In addition, Chinese Sherpas will not eat raw meat and refrain from eating fish, poultry, or dog, all of which are common in other parts of China. Corn is often made into corn mush for eating or brewed into corn wine, and a variety of potato dishes are common, most often boiled and spiced. Chili and fennel are spices that can be found in a number of Sherpa dishes. Also like Tibetans, Sherpas commonly drink barley wine or buttered tea, often mixed with barley tsampa. Together with these meats and starches, the Sherpa diet is rounded out with dairy staples like yogurt, milk, butter, and sometimes cheese.
Many unique marriage customs have arisen in the small Sherpa community, though the marriage practices of Sherpas are rarely seen by outsiders. Contrary to the prevailing monogamous norms of the rest of China, polyandry is permissable in Sherpa culture - it is not uncommon for two Sherpa men to marry the same woman. Sherpas will not, however, allow two people with the same family name to marry.

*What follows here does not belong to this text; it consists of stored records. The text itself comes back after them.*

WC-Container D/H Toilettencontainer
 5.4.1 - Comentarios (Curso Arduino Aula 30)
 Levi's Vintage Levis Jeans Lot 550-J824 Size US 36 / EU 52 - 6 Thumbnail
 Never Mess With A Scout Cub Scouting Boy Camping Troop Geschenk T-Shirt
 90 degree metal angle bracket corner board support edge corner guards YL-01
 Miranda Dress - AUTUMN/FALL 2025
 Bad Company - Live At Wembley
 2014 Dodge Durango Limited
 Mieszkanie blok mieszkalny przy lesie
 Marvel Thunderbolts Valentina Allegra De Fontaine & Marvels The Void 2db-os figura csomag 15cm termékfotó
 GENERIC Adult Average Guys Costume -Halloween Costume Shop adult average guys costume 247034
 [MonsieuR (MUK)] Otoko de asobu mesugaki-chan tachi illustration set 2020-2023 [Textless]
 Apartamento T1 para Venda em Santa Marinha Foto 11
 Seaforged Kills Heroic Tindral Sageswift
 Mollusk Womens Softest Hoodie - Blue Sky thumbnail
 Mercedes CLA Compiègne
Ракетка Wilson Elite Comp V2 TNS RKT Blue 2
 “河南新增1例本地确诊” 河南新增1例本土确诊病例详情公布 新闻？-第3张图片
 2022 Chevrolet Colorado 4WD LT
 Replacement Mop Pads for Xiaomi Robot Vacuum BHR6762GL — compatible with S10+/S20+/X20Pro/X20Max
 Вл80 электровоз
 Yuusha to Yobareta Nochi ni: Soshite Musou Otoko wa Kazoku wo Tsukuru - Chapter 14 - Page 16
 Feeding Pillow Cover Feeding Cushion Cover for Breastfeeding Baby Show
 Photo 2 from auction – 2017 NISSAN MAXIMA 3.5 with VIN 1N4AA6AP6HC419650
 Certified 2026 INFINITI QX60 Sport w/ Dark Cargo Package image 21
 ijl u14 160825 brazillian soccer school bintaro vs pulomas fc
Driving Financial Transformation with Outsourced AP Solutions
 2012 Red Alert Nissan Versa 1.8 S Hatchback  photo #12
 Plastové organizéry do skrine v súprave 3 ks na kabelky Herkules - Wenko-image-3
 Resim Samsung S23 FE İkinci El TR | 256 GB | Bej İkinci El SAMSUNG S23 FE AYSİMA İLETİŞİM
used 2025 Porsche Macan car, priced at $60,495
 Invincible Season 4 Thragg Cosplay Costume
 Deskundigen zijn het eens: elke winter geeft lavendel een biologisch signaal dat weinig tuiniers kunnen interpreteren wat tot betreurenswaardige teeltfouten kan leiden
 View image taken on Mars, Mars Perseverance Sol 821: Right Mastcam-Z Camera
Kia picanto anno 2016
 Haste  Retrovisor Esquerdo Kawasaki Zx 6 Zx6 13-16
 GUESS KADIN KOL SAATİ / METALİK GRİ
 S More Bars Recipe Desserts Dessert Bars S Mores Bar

Not only that, a girl as young as fourteen years old and a boy only two years her senior have the freedom to live together before marriage, a practice traditionally unacceptable in China, and trial marriages are not uncommon, with a formal marriage usually coming only after a baby is born, a scenario that would bring much shame and scorn from the community other places in China. If marital disputes arise among married couples, the situation is addressed by consultation with village leaders or family heads. Overall, the Sherpas marriage process may last as long as several years, and once they do get married it is easy for them to separate again, leading to a high divorce rate among the Sherpas.
Though the pockets of Sherpa culture in China's far western regions exhibit many similar characteristics to their Himalayan neighbors, there is also plenty that sets them apart. When you travel through western China, be sure to ask your guide if there are any Sherpa communities along your route and keep an eye out for these unique mountain people!